- SAFA president Danny Jordaan has taken a swipe at the media for not promoting the drive to professionalise local women’s soccer while providing little detail on the federation’s own plans.
- He was at pains to point out the revenue gap between the men’s and women’s game around the world.
- Jordaan said that SAFA had been meeting with commercial partners this week to discuss the issue.
SAFA president Danny Jordaan remains vague on a renewed drive to professionalise women’s soccer in the country, instead intimating that the South African media could do more to promote the cause than “pointing fingers”.

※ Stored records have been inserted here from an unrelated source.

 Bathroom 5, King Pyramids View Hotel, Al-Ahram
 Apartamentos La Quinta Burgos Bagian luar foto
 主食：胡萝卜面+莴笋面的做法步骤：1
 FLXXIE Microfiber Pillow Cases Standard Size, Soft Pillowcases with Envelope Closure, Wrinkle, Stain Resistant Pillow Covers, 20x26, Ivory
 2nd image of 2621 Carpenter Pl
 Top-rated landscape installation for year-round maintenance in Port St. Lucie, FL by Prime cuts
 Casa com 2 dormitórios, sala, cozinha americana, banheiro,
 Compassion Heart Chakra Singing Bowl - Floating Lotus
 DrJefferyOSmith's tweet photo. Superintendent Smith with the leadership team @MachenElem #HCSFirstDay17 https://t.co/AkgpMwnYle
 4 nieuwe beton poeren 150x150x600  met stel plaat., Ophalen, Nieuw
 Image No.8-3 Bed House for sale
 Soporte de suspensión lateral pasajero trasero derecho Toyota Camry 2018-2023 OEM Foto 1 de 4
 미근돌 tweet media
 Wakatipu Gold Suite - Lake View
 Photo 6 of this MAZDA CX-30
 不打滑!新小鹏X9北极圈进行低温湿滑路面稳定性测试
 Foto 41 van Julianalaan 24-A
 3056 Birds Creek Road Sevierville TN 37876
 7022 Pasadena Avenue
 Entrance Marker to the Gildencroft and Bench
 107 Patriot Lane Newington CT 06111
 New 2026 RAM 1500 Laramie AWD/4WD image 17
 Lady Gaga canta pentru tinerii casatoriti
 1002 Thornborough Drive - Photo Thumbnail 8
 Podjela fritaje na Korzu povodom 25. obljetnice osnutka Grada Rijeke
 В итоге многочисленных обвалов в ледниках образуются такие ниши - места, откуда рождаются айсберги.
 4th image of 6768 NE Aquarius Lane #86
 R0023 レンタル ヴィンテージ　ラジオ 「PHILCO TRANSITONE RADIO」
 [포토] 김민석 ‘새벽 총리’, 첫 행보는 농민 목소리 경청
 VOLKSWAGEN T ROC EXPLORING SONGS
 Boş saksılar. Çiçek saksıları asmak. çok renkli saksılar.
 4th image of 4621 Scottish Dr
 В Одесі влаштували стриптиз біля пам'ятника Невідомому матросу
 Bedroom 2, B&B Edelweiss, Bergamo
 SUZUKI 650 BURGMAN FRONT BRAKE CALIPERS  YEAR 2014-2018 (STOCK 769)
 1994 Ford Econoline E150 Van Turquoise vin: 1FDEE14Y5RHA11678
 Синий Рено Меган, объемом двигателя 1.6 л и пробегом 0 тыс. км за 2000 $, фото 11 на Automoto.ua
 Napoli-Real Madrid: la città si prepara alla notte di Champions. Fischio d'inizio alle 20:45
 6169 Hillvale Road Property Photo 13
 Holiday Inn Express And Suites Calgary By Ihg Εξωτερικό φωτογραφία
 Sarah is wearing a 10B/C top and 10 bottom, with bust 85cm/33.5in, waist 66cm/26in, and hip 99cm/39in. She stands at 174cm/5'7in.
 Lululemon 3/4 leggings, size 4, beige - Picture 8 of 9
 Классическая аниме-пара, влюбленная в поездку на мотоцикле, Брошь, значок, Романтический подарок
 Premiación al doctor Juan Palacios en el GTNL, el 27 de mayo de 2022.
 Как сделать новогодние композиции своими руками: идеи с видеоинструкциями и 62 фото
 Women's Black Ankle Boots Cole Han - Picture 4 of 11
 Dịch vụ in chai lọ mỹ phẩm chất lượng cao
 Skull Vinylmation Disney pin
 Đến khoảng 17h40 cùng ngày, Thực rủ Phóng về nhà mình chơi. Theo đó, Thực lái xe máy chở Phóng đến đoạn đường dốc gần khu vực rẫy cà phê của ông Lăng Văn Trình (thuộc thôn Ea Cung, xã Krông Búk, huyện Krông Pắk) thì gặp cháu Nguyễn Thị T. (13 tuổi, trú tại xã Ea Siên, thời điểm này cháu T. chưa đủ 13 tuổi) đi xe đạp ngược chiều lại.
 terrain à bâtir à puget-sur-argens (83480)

The issue was once again in the spotlight earlier this week following government’s announcement that its kitty for Banyana Banyana’s WAFCON bonuses has swelled to R15 million as observers note that the local game simply has to capitalise on that achievement.
Women’s soccer remains distinctly semi-professional in nature despite the formation of the Hollywoodbets Super League in 2019, a distinct step in the right direction but not yet substantial enough in financial pulling power.
“The PSL and Hollywoodbets Super League are the highest competitions for men and women respectively in SA. All of the sponsorships on the women’s side combined is less than any of the competitions in the PSL. Even one that runs over 2 to 3 weeks is more than the total revenue for women’s football,” said Jordaan. “How many times have you seen Banyana Banyana on all of these TV stations? Never.
“How many discussions focus on women? There are always about men on these channels every day, even the referees. How many discussions and focus areas are on women? Zero. The revenue gap is now well understood.
“You are the media, I’m not the journalist. Our Banyana stars mentioned how many of them are educated at tertiary level and how everyone’s smart. I agree with her.
“Who speaks to them? Nobody. The only reprieve you have is that it’s not just a problem in SA, but in the world.”
The veteran administrator, viewed as controversial from certain quarters, quantified his sentiments by pointing out that after France won the 2018 men’s World Cup, the side walked away with a winner’s cheque of $40 million.
A year later, the USA women’s team received $4 million for their exploits.
Jordaan though did confirm that SAFA had entered into discussions with current and prospective sponsors with regards to increased investment, which took place on Wednesday.
“When are we going to have a fully professional league? It will be when we stop pointing fingers and become allies in this issue. You [the media] have an important role to play. What I can say, we’re having meetings with all the sponsors and other prospective ones.
“They must recognise that a women’s football match is less than 5% in value to a men’s one. It’s a South African conversation, your conversation and ours. We’ll lead on that front. “We are meeting with sponsors on the same question. I hope I sketch the mountain we must climb. We’re determined to climb it together.
“I hope you have your cameras there when we’re on top and we can show how green the valley is,” he said.